The primary emission from a combustion source is NO. The NO in the atmosphere reacts with readily available O3 and generates NO2. When there is sufficient solar irradiance, the NO2 that is formed decomposes into NO and O3. The concentration of NO2 increases either when there is too much NO and O3 in the atmosphere or when there is insufficient solar irradiance. The accumulation of NO2 in the atmosphere is a result of the domination of Eq. 1 over Eq. 2. In the early morning hours, when there is excess NO and O3 in the atmosphere and the solar irradiance is insufficient, Eq. 1 dominates the system. As a result, NO2 increases in the atmosphere. As the solar irradiance impinging upon the troposphere increases at midday, however, Eq. 2 begins to dominate, NO2 decomposes into NO and the O3 concentration increases. In the studies conducted by Castellano et al. (2009), Mavroidis and Ilia (2012), and Notario et al. (2013), a similar NO2-O3 relationship was observed. Therefore, when the NO2 concentration decreases, the O3 concentration increases. In winter, the outdoor concentrations of NO2 and SO2 increased during daylight hours when anthropogenic activities were at high levels (Fig. 3). On the other hand, winter O3 concentrations did not vary with time and were lower than in the summer. This finding can be explained by the lower levels of solar irradiance reaching the ground in Kocaeli in the winter. As given by Eq. 2, the decrease in solar irradiance reaching the troposphere in winter decreases ozone formation and hence allows NO2 to accumulate in the atmosphere.

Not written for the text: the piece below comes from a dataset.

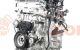 Motor HMH (EB2FAD) Peugeot 208 II (UB_, UP_, UW_, UJ_) 1.2 PureTech 75 (75 cv)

In indoor home environments, the concentration of NO2 increases early in the morning, primarily due to cooking activities. The influence of outdoor emissions might also play a role because the indoor concentrations of NO2 increased along with the outdoor concentrations.

In indoor office environments, NO2 concentrations increase in the morning hours of the summer season. The concentrations of NO2 started to decrease after midday and the SO2 and O3 concentrations increased, just as in outdoor environments. This finding shows that office environments in summer are not completely isolated from the outdoors; the intrusion of outdoor air decreases NO2 concentrations and increases SO2 and O3 concentrations. In winter, the variations in the concentrations of inorganic gases were almost the same as in summer, except for O3, which was not produced in indoor environments.

During the summer, the concentrations of inorganic gases in schools’ indoor environments started to increase after 8:00. Later, however, each pollutant exhibited different diurnal variation patterns. The concentrations of SO2 increased until 10:00, remained almost constant throughout the day and decreased after 18:00. The NO2 concentrations exhibited a bimodal diurnal variation, peaking both at 12:00 and at 19:00. The maximum O3 concentration was observed at 15:00, when the NO2 concentrations were at their lowest levels in the daytime. The diurnal variations of these gases were generally due to ventilation of the school rooms. While the first peak in the NO2 concentration at 12:00 could be due to outdoor to indoor NO2 transition, the second peak in the NO2 concentration at 19:00 was likely the result of the reaction of O3 with NO to form NO2, as shown in Eq. 1. In winter, the school environment was ventilated poorly to ensure heat isolation. Although this poor ventilation lets less SO2 and NO2 penetrate from the outdoor environment, pollutants can be accumulated in the indoor air due to higher outdoor concentrations than in summer.

Spatial variations in NO2, SO2 and O3 concentrations

Based on Table 4, which lists the range of concentrations of NO2, SO2 and O3 observed in different microenvironments, we can conclude several findings. In summer, the highest NO2 concentrations in indoor environments were observed in homes (kitchens). Our findings reveal that natural gas and liquefied petroleum gas (LPG) usage as a heating source in kitchens is a major source of NO2 pollution in indoor environments. In office and school environments, the outdoor air is a possible source of NO2 (Wichmann et al. 2010; Jovanovic et al. 2014). The highest winter concentrations for NO2 were measured in schools’ outdoors, followed by the outdoors of homes and offices. Furthermore, high NO2 concentrations were observed in the indoor environments of schools, followed by homes (kitchens) and offices.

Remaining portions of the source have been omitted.